[R] subscripts in lists

Tue Aug 12 01:01:50 CEST 2003

I suggested
	    sapply(1:length(lis), function (i) {v <- lis[[i]]; v[which(v=="next")+1]})

Of course that was really dumb.  It can be simplified, because the index i
is only used to select a list element, which sapply() wants to do for me
anyway.  It should be

    sapply(lis, function(v) v[which(v=="next")+1])
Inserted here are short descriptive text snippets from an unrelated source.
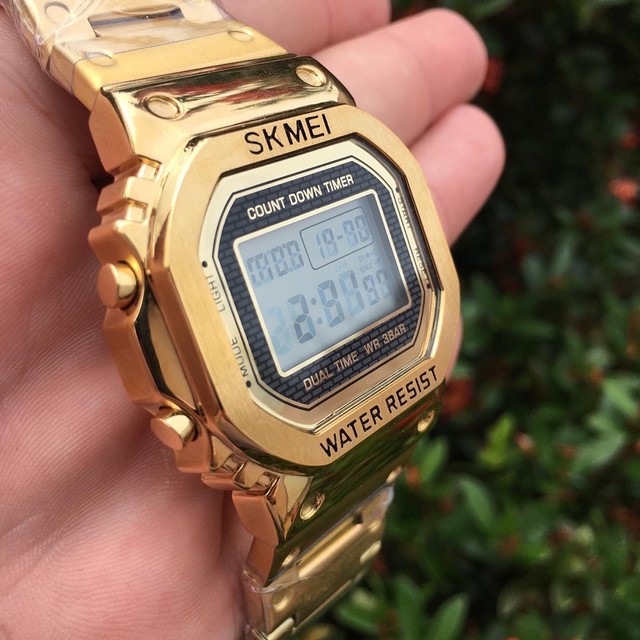 casio wr3bar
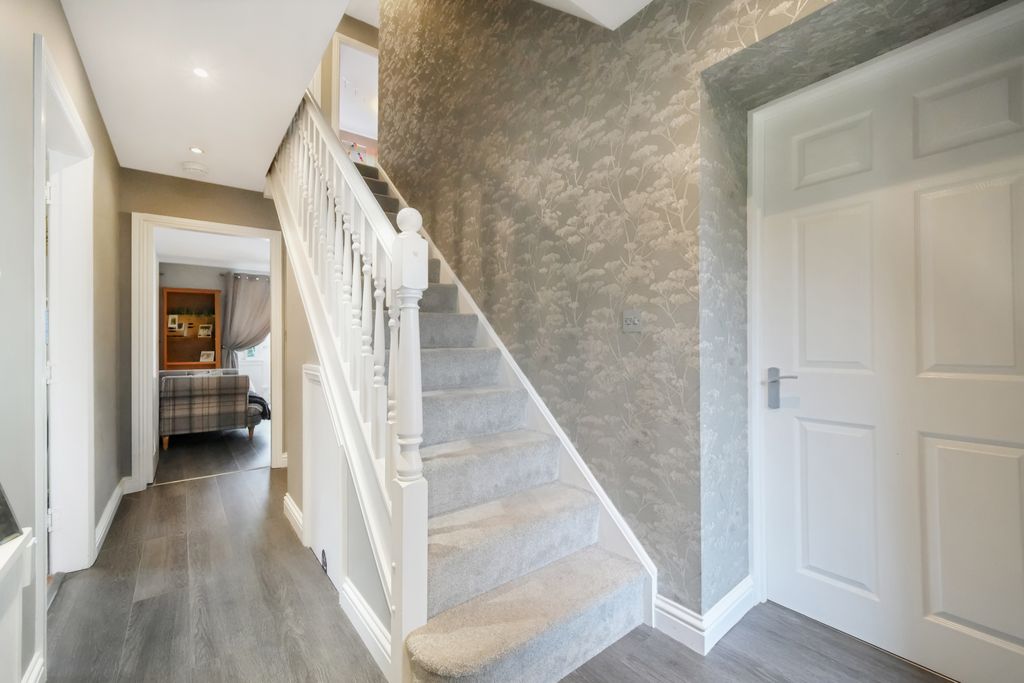 Additional image 11 of 4 bed detached house for sale52 Wilson Place, Dunbar, East Lothian EH42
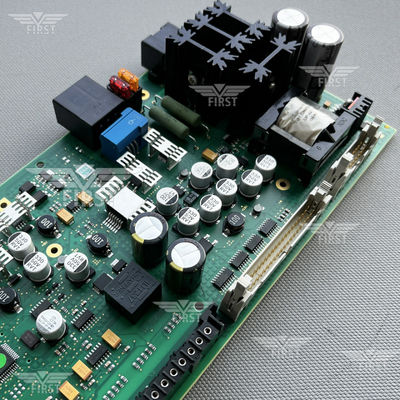 00.785.1505 인쇄 회로 보드 UVM 3 HD 하이델베르크를 위한 고해상도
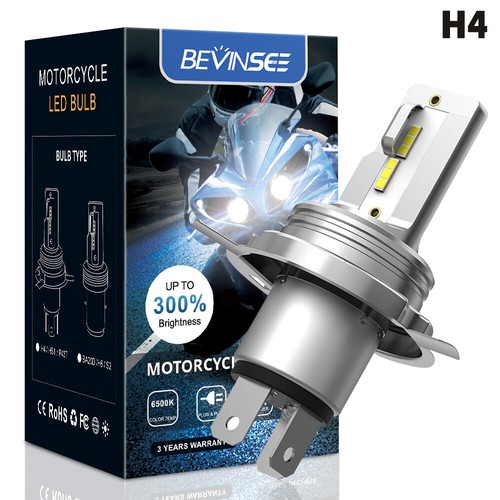 Hs1 ampoules led de - hs1,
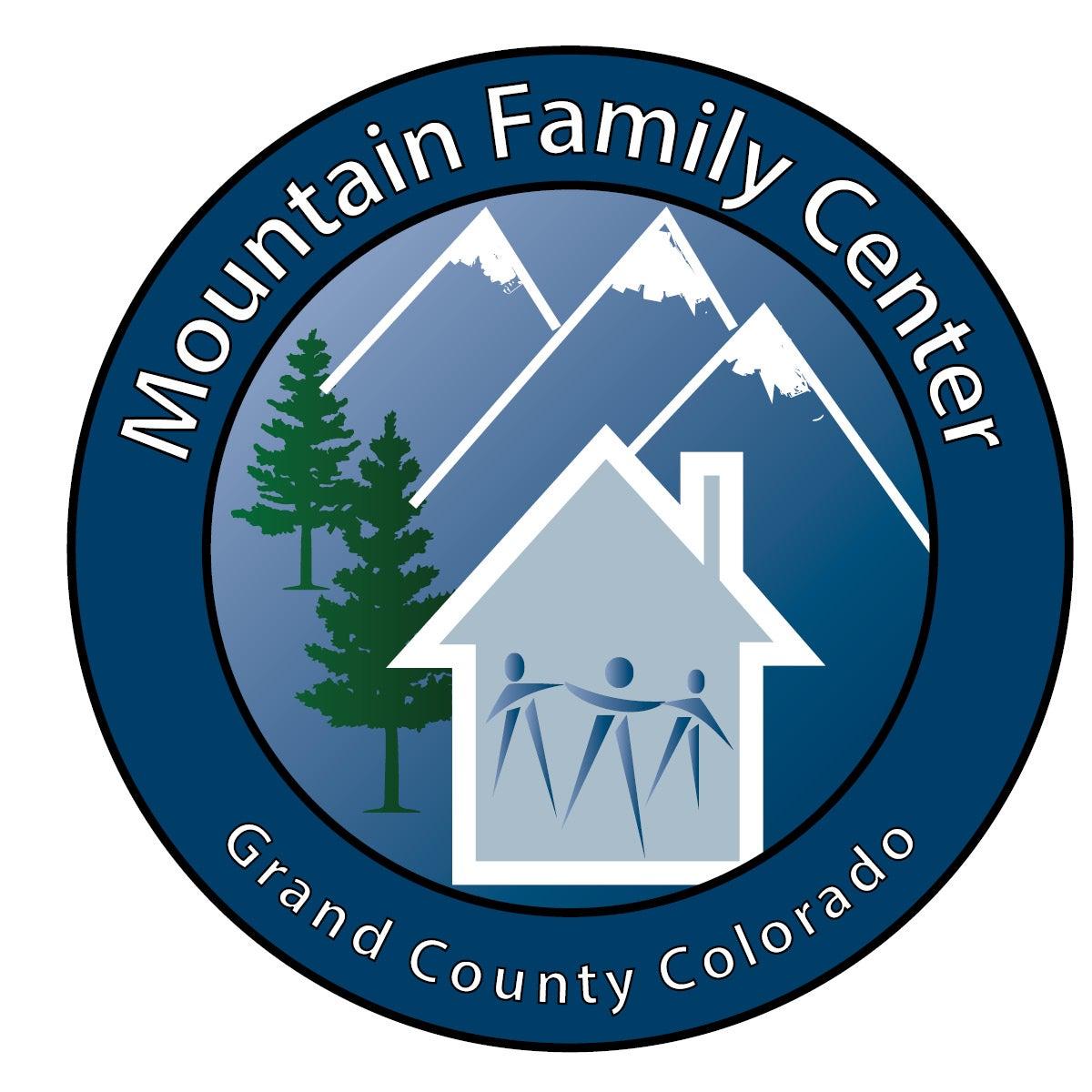 Mountain Family Center logo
Perhaps the interesting thing is how one gets there.
- The result should be a character vector, not a list, so use sapply()
- The index of a list element does not enter into the calculation of
  the result, so use sapply(a.list, function (an.element) some.calculation)
- For list element, we want to find where something occurs, so use
  which(the.element == the.value.we.want.to.find)
- We want the element after that, so the.element[..... + 1]
and the code (NOT the code I first thought of) practically writes itself.

If I had used backwards reasoning like this, I'd have got there first thing;
what led me to produce an inferior version was using forwards reasoning,
and I *know* better than to do that.  *Sigh.*

The other approach is not to focus on the list structure at all,
but to flatten it into a single sequence:

    {u <- unlist(lis); u[which(u=="next")+1]}

Of course, if some list element should not contain "next" exactly once,
these two versions would give different results.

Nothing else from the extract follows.